MANILA, Dec 15 (Reuters) - The Philippine central bank raised its benchmark interest rates by half a percentage point on Thursday, opting for a relatively large increase to cool inflation running at a 14-year high.

The rate hike was a certainty after Bangko Sentral ng Pilipinas (BSP) Governor Felipe Medalla flagged a 25 to 50 basis point adjustment this month ahead of November inflation data.

Annual inflation surged to 8.0% in November, which was well above the BSP's target range of 2% to 4% for this year, reinforcing the case for a half-percentage point increase and suggesting more tightening could follow next year.

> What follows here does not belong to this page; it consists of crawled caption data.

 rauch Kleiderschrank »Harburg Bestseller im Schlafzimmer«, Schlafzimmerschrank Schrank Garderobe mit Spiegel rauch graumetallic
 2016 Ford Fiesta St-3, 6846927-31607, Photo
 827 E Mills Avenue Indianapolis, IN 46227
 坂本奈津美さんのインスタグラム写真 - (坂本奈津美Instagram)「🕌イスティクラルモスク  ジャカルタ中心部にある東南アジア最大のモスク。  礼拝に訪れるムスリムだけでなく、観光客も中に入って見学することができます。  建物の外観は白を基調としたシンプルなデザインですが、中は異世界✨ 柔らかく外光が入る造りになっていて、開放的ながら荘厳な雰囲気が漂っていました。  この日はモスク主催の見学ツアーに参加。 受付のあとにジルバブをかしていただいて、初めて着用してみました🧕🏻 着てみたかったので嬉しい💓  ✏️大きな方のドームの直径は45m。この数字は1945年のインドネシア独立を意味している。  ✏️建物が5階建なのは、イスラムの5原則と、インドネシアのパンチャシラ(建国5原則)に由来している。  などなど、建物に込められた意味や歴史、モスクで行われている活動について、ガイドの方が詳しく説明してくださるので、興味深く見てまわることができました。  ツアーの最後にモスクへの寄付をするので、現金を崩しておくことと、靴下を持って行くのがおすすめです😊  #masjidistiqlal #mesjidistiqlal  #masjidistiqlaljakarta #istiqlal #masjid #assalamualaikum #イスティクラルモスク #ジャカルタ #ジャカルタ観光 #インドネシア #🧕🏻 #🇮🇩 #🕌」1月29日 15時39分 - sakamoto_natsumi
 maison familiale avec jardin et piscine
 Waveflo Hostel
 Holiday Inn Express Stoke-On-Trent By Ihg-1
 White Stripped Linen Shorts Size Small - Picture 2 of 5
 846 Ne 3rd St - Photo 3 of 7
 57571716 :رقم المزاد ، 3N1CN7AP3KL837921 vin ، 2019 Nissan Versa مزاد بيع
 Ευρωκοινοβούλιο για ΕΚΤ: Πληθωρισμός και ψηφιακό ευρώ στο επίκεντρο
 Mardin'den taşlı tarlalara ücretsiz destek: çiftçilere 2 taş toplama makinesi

All 21 economists in a Reuters poll correctly predicted the outcome of Thursday's BSP policy meeting, which was the last for the year. The decision marked the seventh time this year that the central bank has pulled the rate-hike trigger to combat inflation.

Thursday's 50-bps rise matched the U.S. central bank's latest move. The BSP therefore kept steady its interest rate gap with Federal Reserve, supporting the Philippine peso, whose recent weakness has pushed up already elevated consumer prices.

After the Philippine tightening, which took the overnight borrowing rate to 5.50%, analysts expect the BSP to end its tightening cycle at 6.00%, compared with the expectation of 5.75% in a Reuters poll in November.